There are three steps in the process: (1) flip a coin; (2) move balls from A to B; and (3) draw a ball from B. Label the different cases with ordered triples -- for example, (F,R,W) to represent the coin being a face, the ball moved from A to B being red, and the ball drawn from B being white.
(1) (F,W,W): P(F) = (1/2); P(W) = (3/5); P(W) = (2/2) --> P(F,W,W) = 6/20
(2) (F,W,R): P(F) = (1/2); P(W) = (3/5); P(R) = (0/2) --> P(F,W,R) = 0
(3) (F,R,W): P(F) = (1/2); P(R) = (2/5); P(W) = (1/2) --> P(F,R,W) = 2/20
(4) (F,R,R): P(F) = (1/2); P(R) = (2/5); P(R) = (1/2) --> P(F,R,R) = 2/20
That takes care of all the cases where the coin comes up face.
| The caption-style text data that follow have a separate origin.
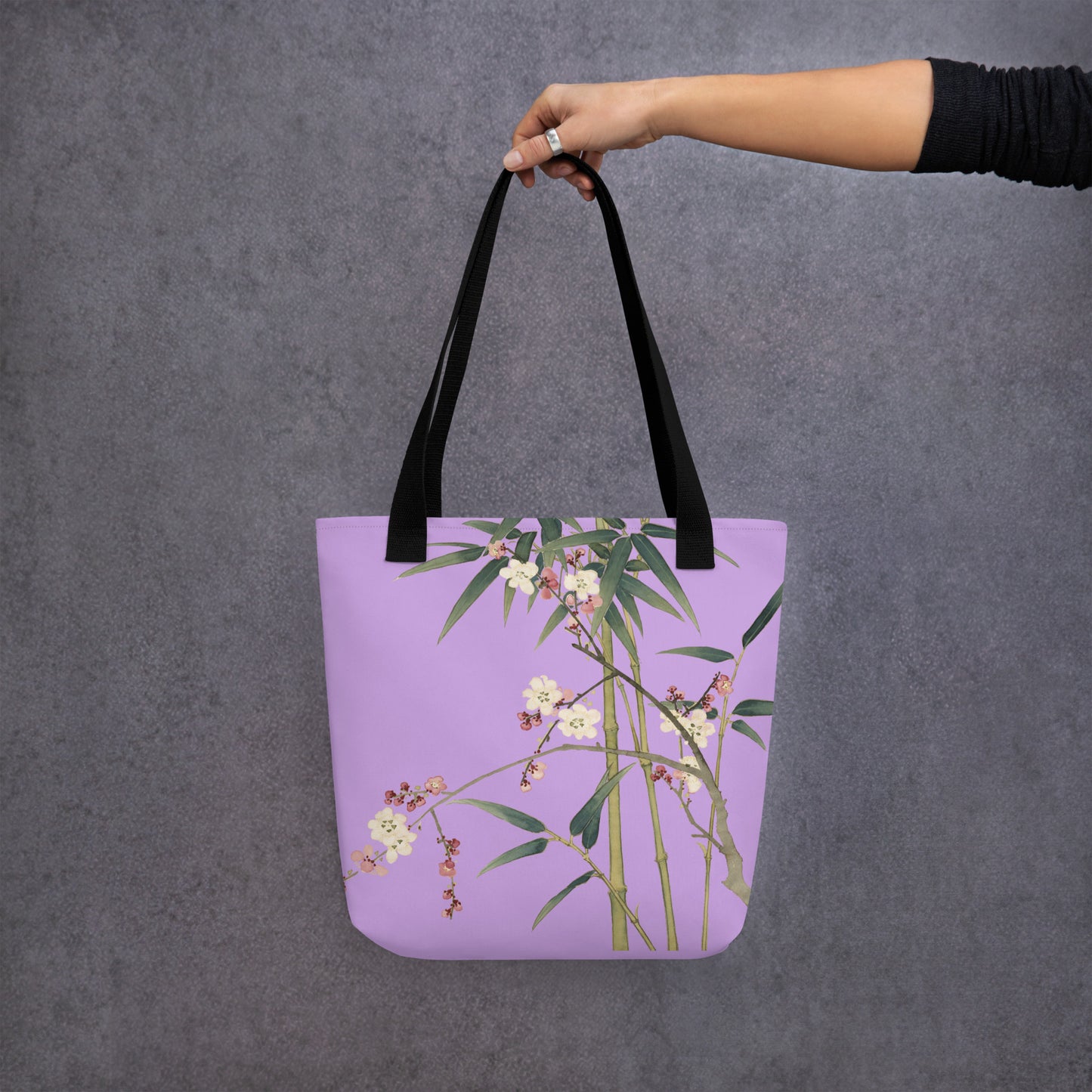 The Spirit of Flowers in Twelve Months｜Crimson Plum Blossom and Lush Green Bamboo｜Tote bag｜Lilac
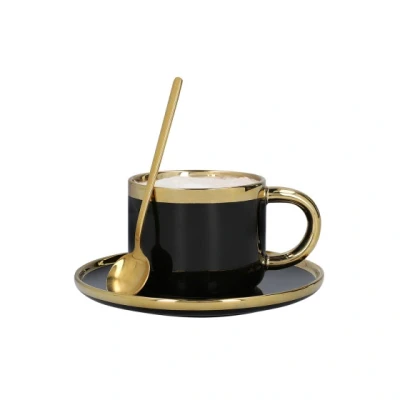 Image of Cup with a saucer and spoon Homla SINNES Black, 200 ml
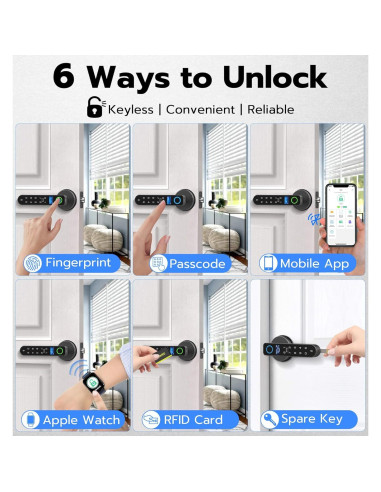 Cerradura Inteligente de Puerta Anweller H1 con Huella Dactilar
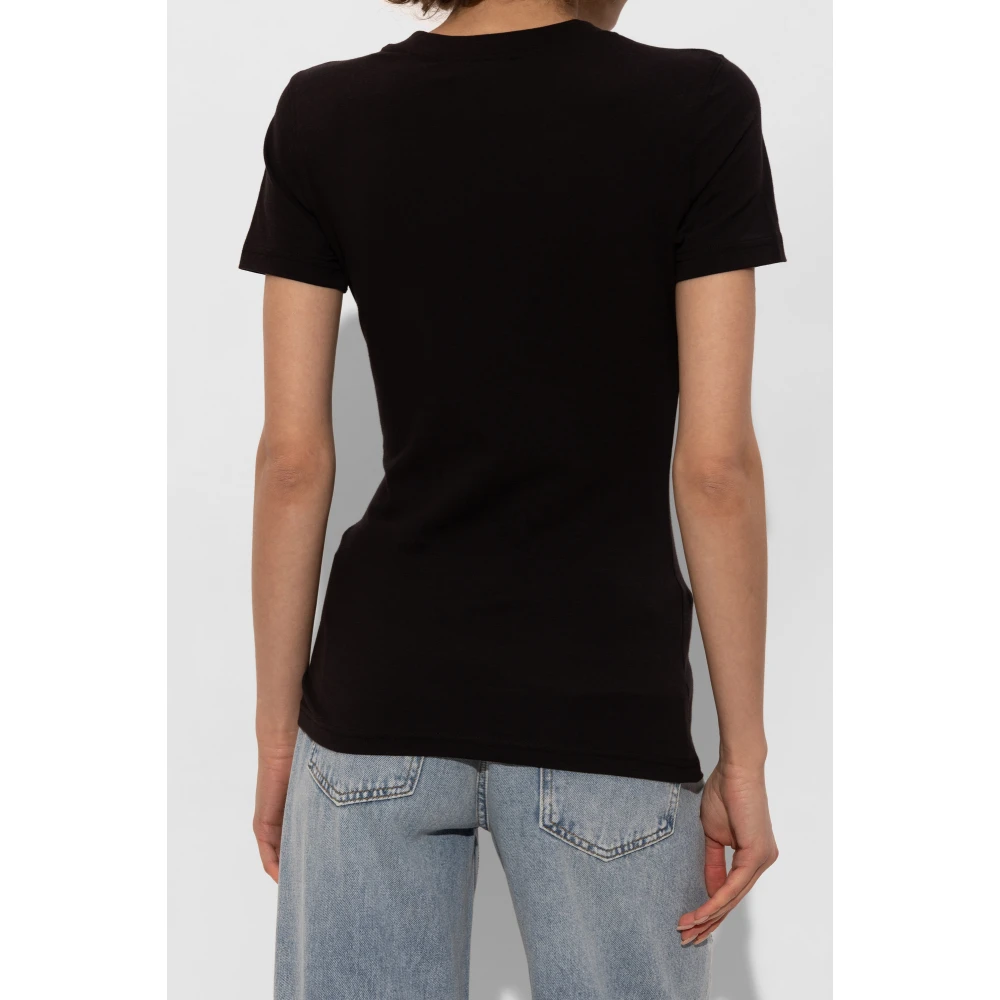 Versace Jeans Couture T-shirt met print en glinsterende applicaties Black Dames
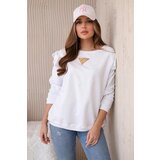 Kesi Cotton blouse with ruffles on the shoulders white | Shoptok.si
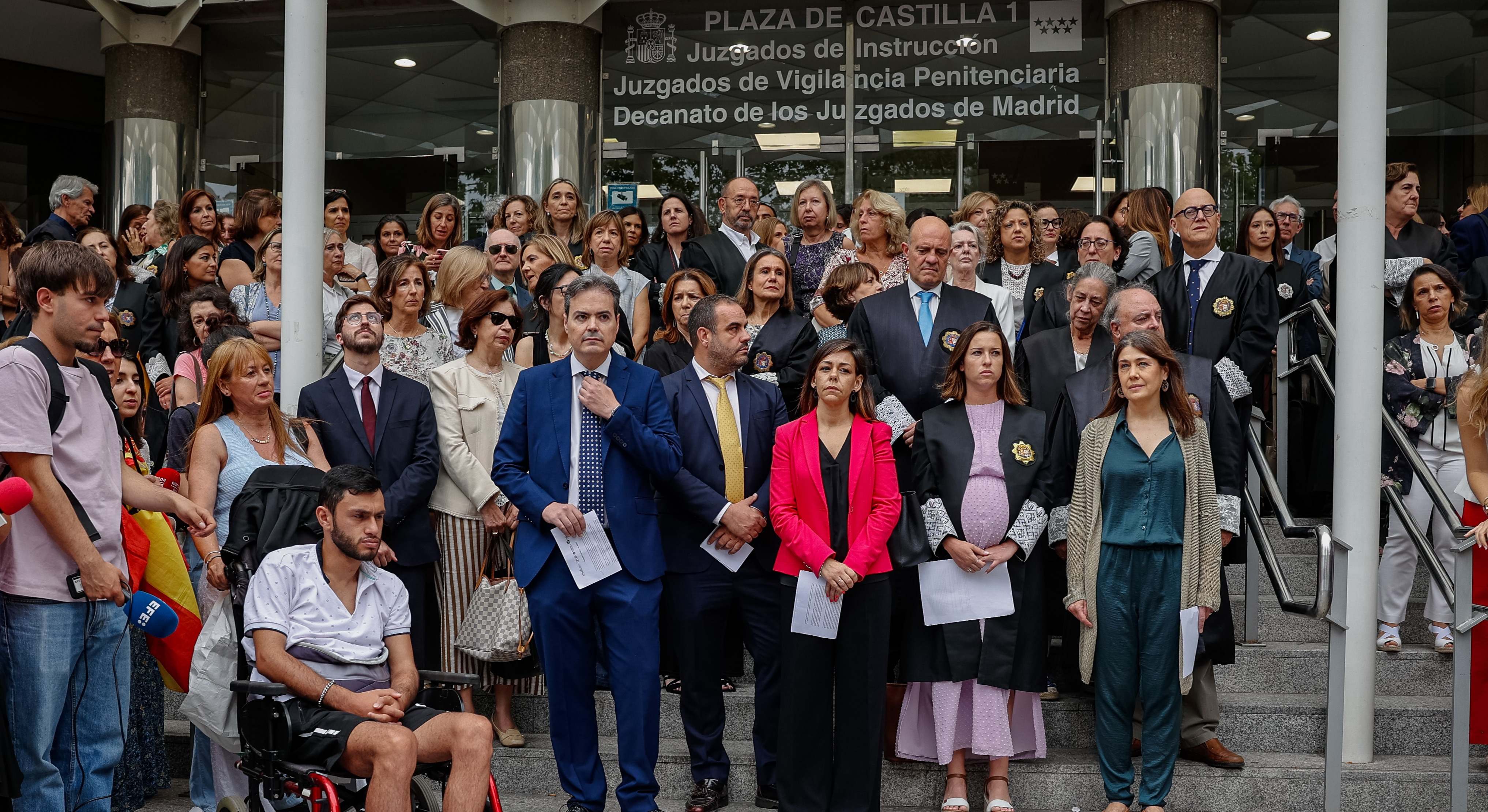 Concentración de jueces y fiscales en los Juzgados de Plaza de Castilla, en Madrid.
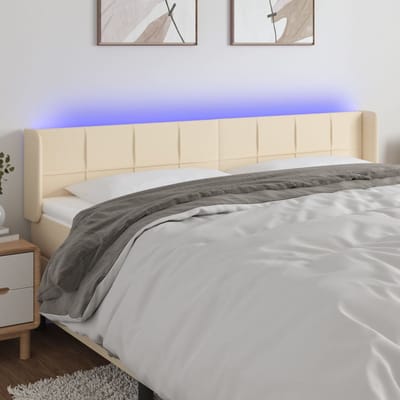 vidaXL - Hoofdbord - LED - 203x16x78/88 - cm - stof - crèmekleurig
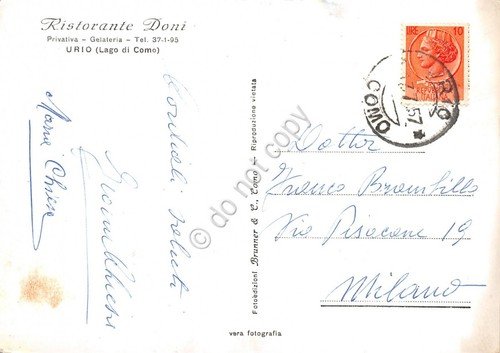 Cartolina Urio Lago di Como Panorama parziale 1957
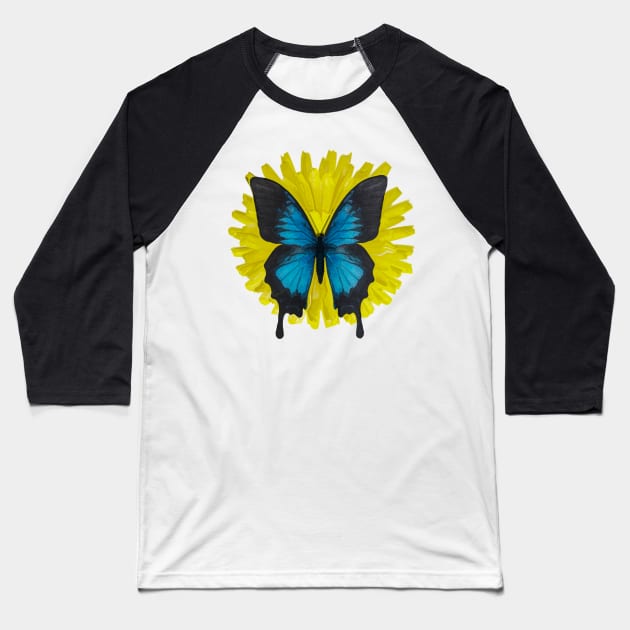 Dandelion Flower Blue Butterfly Baseball T-Shirt by Manzo Carey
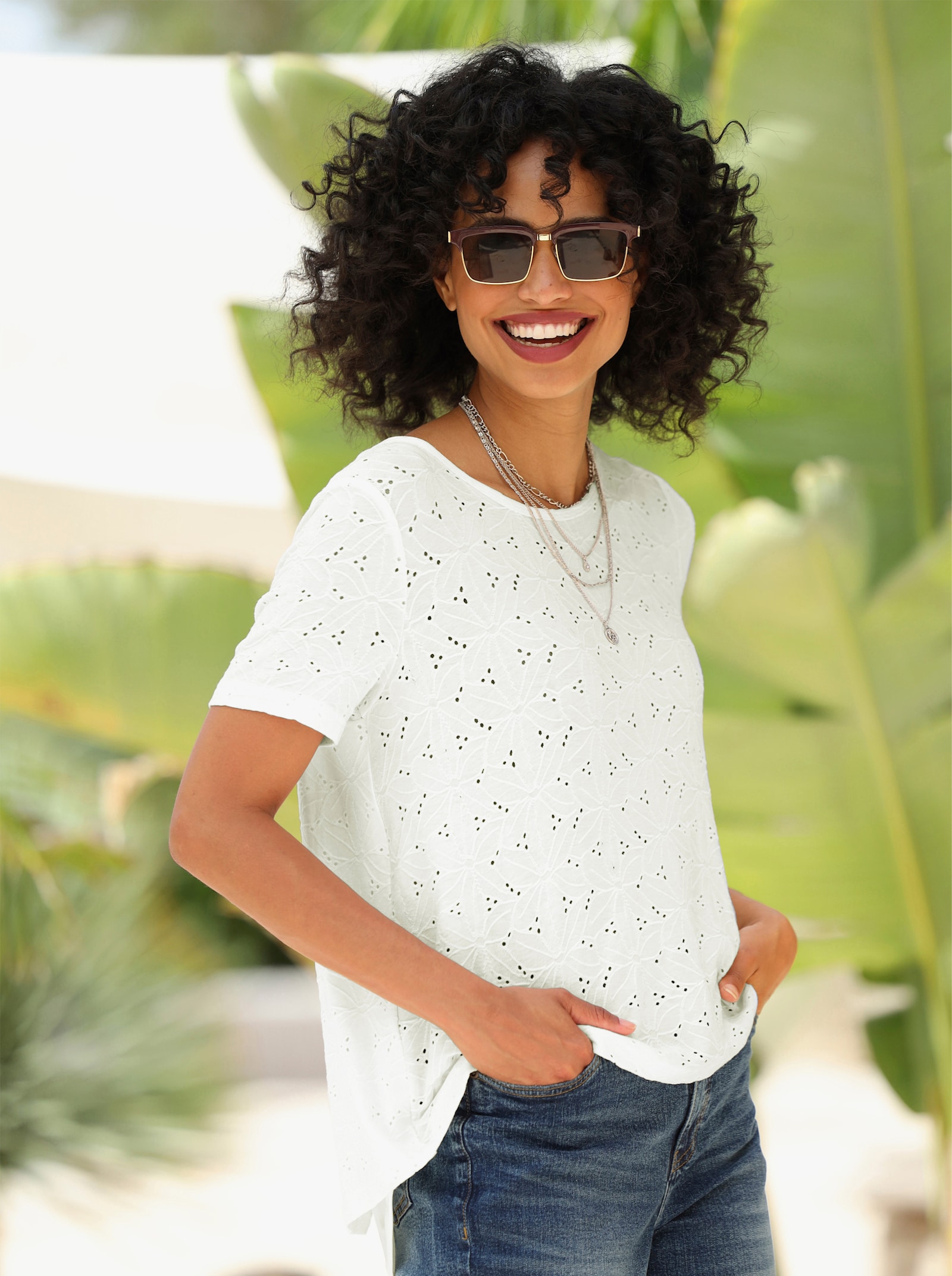 heine Kanten shirt met ritssluiting - ecru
The probability that the coin comes up face is 1/2, and the sum of the probabilities for all these cases is 10/20 = 1/2; so our calculations are probably correct to this point.
(5) (C,WW,W): P(C) = (1/2); P(WW) = (3/10); P(W) = 3/3 --> P(C,WW,W) = 9/60
(6) (C,WW,R): P(C) = (1/2); P(WW) = (3/10); P(R) = 0/3 --> P(C,WW,R) = 0
(7) (C,WR,W): P(C) = (1/2); P(WR) = (6/10); P(W) = 2/3 --> P(C,WR,W) = 12/60
(8) (C,WR,R): P(C) = (1/2); P(WR) = (6,10); P(R) = 1/3 --> P(C,WR,R) = 6/60
(9) (C,RR,W): P(C) = (1/2): P(RR) = (1/10); P(W) = 1/3 --> P(C,RR,W) = 1/60
(10)(C,RR,R): P(C) = (1/2); P(RR) = (1/10); P(R) = 2/3 --> P(C,RR,R) = 2/60
Again these last 6 cases take care of all the cases where the coin comes up crown, and the sum of the probabilities is 1/2. So it is very likely that all our calculations are correct.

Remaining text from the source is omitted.